L’opération de cession directe des logements sociaux n’est pas légale, car elle viole le décret N°2015-0351/P-RM du 08 mai 2015 fixant les modalités d’attribution et de gestion des logements sociaux.
Quelles peuvent être les conséquences sur le programme des logements sociaux ?
Les conséquences sont nombreuses et à plusieurs dimensions. D’abord sur le programme des logements sociaux, au lieu d’être un moyen visant à faciliter l’accès des couches à revenus faibles et intermédiaires au logement décent, le programme des logements sociaux risque de devenir la chose des riches. Sur les acquéreurs, vu le coût élevé des mensualités, les acquéreurs risquent de perdre leur logement suite à l’impossibilité de payer régulièrement les mensualités. Sur l’OMH, l’office risque de voir le nombre de mauvais payeurs augmenter suite au coût élevé des mensualités. Sur l’Etat, l’augmentation de l’insécurité par le fait de l’inoccupation de nombreux logements car les acquéreurs de la cession directe ne sont pas dans le besoin le plus souvent. L’opération peut, entre autres, augmenter le taux de corruption, car tout le monde veut avoir un logement décent et surtout sécurisé, être source de blanchiment d’argent car cette cession directe est un moyen pour certaines d’acheter plusieurs logements dans le cadre d’un programme gouvernemental, mettre en danger des habitants par le fait des modifications anarchiques des logements sociaux en violation des règles et des normes de l’urbanisme.

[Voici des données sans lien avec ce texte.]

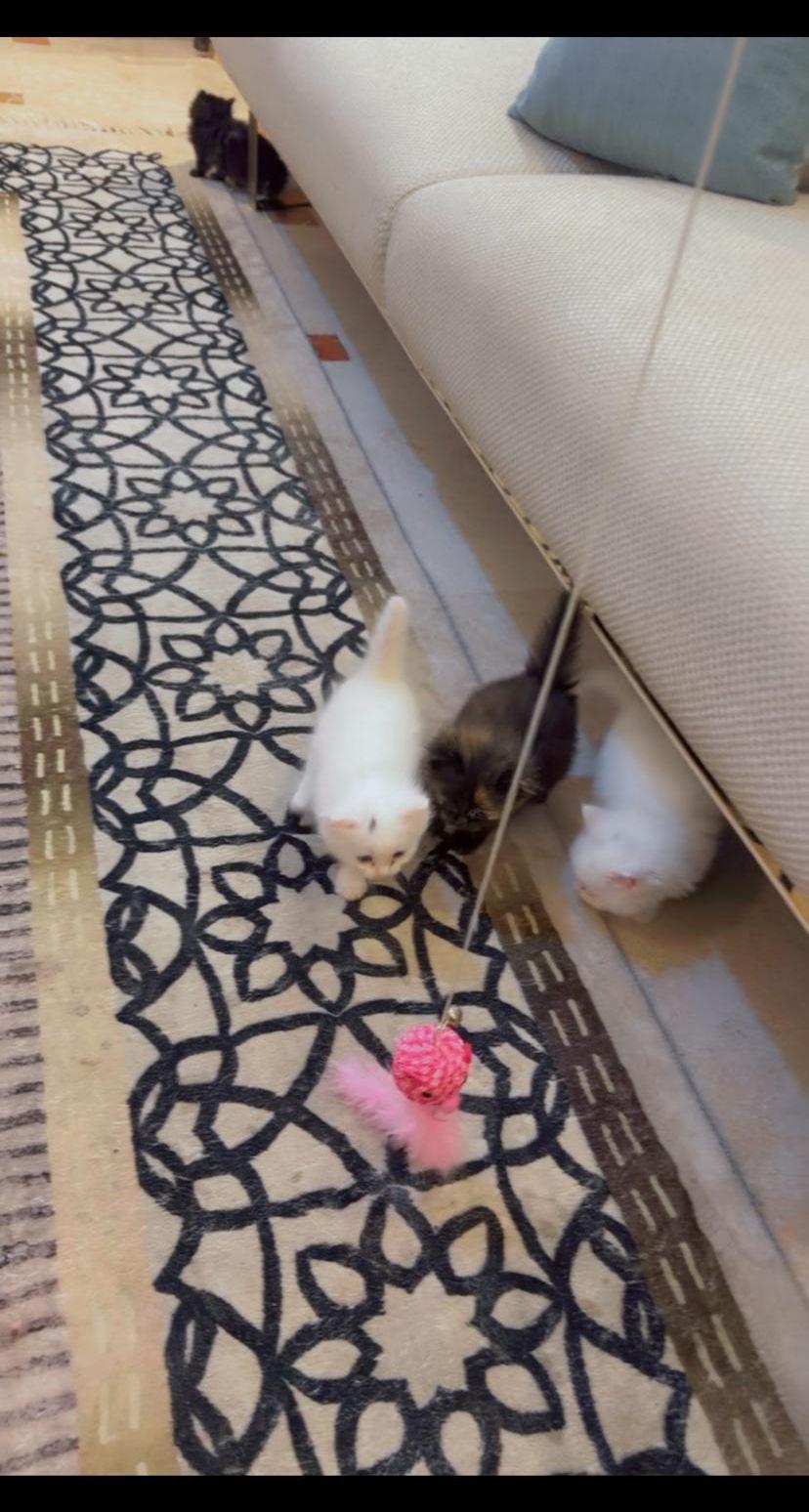 قطه شيرازي مهجن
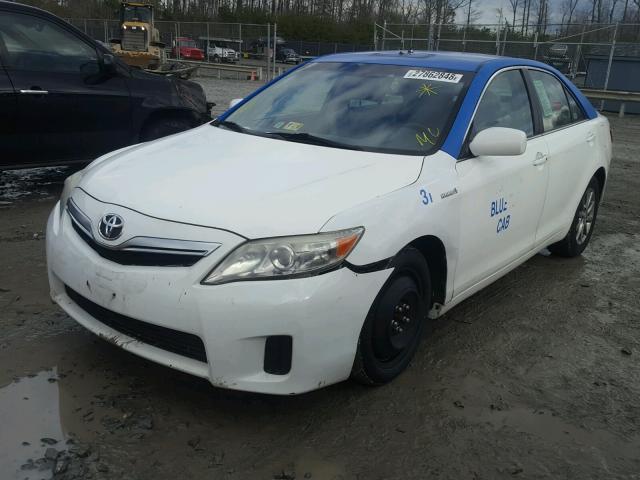 4T1BB3EK6BU136641 - 2011 TOYOTA CAMRY HYBR WHITE photo 2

Quelles sont les motivations réelles de cette décision ?
Selon ce que nous avons lu dans les médias ù, l’opération de cession directe des logements sociaux est faite dans le but de renforcer les capacités financières de l’Office Malien de l’Habitat en vue de faire face à ses engagements.
Quelles sont les raisons qui nous ont amenés à cette situation ?
Depuis plusieurs années, l’OMH a des difficultés pour recouvrer la totalité des mensualités des bénéficiaires des logements sociaux. De nos jours, certains bénéficiaires des logements sociaux sont à soixante-six mois d’impayés. A cela, il faut ajouter les irrégularités administratives et financières développées dans le rapport de décembre 2019 du Bureau du Vérificateur Général sur la gestion de l’Office malien de l’habitat.
Peut-on envisager une solution alternative à cette opération ?
Les solutions sont multiples notamment : l’OMH doit appliquer les articles 24 et 25 du décret et le contenu du contrat location-vente des logements sociaux. Il y a lieu de revoir le contenu des conventions signées par l’OMH en 2015 en ce qui concerne le programme des 12 566 logements et faire l’expertise de types de logements pour l’évaluation des prix et aussi la fixation des prix des logements.